When and how were the threads damaged?
That I don't know. Probably me whacking on it to remove a tool with the threads partially engaged. The original drawbar with the rough thread was replaced about a year ago which lines up with the progressive symptoms. I noticed the excessive runout a couple of days ago, and just now when I picked up the spacer with the crack, it split in half. So basically the spacer suddenly failed, leading to the insecure fit of the R8 tooling.

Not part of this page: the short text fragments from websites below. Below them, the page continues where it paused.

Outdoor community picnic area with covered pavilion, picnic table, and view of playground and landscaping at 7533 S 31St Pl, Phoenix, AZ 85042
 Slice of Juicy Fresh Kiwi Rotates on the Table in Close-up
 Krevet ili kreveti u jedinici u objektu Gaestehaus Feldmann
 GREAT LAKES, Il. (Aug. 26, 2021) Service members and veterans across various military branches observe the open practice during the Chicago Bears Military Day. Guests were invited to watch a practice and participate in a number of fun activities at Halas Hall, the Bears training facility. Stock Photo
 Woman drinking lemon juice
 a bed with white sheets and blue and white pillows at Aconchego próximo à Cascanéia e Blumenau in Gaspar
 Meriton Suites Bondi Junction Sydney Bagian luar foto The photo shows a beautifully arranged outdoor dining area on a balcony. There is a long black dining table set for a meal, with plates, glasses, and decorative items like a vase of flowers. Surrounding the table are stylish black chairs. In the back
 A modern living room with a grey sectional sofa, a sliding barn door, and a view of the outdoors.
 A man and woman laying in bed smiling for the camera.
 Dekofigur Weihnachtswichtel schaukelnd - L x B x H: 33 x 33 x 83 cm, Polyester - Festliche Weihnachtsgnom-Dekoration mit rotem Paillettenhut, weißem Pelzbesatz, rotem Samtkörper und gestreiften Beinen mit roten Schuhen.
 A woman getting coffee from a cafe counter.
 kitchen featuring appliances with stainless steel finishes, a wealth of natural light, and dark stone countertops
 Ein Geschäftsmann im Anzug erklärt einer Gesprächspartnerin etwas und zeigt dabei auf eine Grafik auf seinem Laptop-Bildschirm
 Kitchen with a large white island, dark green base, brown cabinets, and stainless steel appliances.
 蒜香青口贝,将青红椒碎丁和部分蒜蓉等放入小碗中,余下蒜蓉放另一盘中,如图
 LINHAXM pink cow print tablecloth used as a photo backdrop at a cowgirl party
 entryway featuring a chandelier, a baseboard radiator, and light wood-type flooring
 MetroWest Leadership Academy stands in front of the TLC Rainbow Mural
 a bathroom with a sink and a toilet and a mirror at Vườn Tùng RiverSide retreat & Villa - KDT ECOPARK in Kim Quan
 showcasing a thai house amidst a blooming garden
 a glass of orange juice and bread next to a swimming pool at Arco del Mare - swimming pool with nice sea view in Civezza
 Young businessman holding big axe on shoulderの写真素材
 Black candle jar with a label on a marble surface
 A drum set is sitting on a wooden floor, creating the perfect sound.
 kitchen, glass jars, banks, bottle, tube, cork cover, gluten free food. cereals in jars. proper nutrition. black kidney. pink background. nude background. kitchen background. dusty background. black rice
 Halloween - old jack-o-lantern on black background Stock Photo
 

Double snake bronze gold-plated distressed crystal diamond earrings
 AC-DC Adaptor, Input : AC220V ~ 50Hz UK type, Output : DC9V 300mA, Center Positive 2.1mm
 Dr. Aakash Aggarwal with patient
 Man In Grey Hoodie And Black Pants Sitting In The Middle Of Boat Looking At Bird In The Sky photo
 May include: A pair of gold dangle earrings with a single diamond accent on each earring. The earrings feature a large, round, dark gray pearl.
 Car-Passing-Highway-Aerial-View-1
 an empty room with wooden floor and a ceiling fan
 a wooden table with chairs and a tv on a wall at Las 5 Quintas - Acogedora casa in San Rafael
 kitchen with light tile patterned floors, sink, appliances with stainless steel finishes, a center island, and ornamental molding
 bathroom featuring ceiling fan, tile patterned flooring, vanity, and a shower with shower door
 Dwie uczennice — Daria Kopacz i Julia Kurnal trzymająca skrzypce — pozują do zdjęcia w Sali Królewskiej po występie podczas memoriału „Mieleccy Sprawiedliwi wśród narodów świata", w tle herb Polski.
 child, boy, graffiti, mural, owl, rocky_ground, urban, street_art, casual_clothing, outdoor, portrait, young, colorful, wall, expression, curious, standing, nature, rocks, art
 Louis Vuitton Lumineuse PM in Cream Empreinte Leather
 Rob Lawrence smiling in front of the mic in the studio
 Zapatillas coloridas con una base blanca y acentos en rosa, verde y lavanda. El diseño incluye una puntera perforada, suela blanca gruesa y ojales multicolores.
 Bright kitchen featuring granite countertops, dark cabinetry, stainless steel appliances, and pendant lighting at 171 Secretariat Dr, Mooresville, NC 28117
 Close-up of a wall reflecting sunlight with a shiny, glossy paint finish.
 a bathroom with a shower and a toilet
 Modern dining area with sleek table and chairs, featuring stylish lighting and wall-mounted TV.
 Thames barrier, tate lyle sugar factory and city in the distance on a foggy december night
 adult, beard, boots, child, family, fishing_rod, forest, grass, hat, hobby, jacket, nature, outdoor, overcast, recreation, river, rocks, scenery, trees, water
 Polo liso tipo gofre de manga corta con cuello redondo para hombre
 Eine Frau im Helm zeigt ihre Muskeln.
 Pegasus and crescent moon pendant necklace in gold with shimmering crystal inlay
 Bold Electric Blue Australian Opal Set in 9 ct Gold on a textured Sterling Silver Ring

Anyway I'm a happy camper now. :)
 
What manual is the exploded view out of?

I'm still looking for a manual for my Sharpe 9x35 mill.
it is the Precision Mathews PM-835s manual. It's pretty much identical except for the bottom of the base casting. Mine is also a Sharpe.
 
So basically the spacer suddenly failed, leading to the insecure fit of the R8 tooling. Anyway I'm a happy camper now.

I'm not 100% sure that you guys have the same setup as I do, but consider making the spacer to look like this:

20231120_092111.jpg


This design holds the drawbar in center of the spindle so it doesn't rattle at low speeds and accomodates adding plain washers to arbours that have shallow threading.

Here is a thread to explain the nuances. Your mill may be a bit different but maybe this will give you some ideas. For one thing, I cannot imagine a good reason for why your spacer is bronze. I'd be making that from steel if it were mine.